The country’s top economic advisor is suggesting changes to the education system in order to generate a more productive workforce and a more competitive economy.
Speaking recently at the launch of the 2018 Week of Excellence, Governor of the Central Bank of Barbados Cleviston Haynes focused on the country’s declining economic fortunes, stressing that prompt, decisive and corrective action was needed to facilitate building the foreign exchange reserves, engendering renewed confidence by domestic and foreign investors and bolstering private sector investment and infrastructural development.
In order to achieve this, he said, increased productivity must be a priority for the authorities.
“Productivity would be enhanced as workers are able to embrace new skills.
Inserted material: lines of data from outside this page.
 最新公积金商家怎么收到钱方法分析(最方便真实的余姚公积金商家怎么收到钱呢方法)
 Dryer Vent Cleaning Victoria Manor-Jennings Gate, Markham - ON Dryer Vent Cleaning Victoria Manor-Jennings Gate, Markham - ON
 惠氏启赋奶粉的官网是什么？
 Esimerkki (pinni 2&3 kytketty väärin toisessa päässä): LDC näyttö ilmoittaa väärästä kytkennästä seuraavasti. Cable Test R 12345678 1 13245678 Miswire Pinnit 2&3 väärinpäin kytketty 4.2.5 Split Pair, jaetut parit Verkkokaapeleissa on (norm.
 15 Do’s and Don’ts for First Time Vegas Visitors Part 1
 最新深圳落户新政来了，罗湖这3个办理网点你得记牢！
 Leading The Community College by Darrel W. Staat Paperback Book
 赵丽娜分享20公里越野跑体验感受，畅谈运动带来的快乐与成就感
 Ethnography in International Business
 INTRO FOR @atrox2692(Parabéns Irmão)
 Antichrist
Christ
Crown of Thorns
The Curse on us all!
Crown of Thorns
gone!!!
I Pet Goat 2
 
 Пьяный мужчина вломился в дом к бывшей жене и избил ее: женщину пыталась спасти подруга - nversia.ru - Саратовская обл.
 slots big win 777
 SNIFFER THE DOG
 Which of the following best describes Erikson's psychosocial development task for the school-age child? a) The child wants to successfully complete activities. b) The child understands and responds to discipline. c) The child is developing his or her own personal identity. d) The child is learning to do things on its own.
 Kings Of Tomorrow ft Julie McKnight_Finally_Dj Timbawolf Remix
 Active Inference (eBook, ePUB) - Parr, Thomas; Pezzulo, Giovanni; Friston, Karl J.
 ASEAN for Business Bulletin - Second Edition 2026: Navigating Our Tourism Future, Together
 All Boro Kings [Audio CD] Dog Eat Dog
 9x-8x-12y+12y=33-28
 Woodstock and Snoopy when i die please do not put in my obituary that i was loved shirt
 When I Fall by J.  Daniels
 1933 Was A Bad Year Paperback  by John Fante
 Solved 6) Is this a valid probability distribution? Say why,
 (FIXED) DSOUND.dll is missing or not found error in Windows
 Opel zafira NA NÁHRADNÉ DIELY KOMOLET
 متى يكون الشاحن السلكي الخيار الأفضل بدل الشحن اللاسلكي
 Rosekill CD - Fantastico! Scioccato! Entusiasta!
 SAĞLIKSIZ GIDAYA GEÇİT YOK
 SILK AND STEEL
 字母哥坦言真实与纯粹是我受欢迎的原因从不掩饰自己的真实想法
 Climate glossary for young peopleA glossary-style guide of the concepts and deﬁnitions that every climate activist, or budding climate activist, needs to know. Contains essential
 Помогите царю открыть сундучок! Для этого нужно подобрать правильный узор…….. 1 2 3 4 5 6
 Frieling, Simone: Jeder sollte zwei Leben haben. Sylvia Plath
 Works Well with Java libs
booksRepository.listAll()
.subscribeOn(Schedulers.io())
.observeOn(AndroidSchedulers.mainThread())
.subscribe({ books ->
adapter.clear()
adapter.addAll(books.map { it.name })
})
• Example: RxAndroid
The role of our education system would become critical . . . as we prepare citizens to be adaptable to changes in technology that are likely to come on stream in the future,” Haynes told those gathered at the Courtney Blackman Grande Salle of the Central Bank for the launch.
“At the same time, by investing in the raising of the knowledge, skills and abilities of workers, firms can help develop workers that can operate at a higher level, thereby raising the national output of our economy,” he added.
Haynes also stressed the need for a greater level of local and foreign investment to keep the economy afloat, but lamented Barbados ranking of 132 out of 190 countries on the ease of doing business scale, warning this was “incompatible with our goal to create an investment-friendly environment”.
The leading economist called for a review of existing policies, and increased use of technology to speed up the delivery of services.
“This requires our firms to innovate by seeking to move away from old business models and old systems of operating and instead move towards the development of new ideas and business models, taking onboard technological advances as they present themselves,” Haynes said.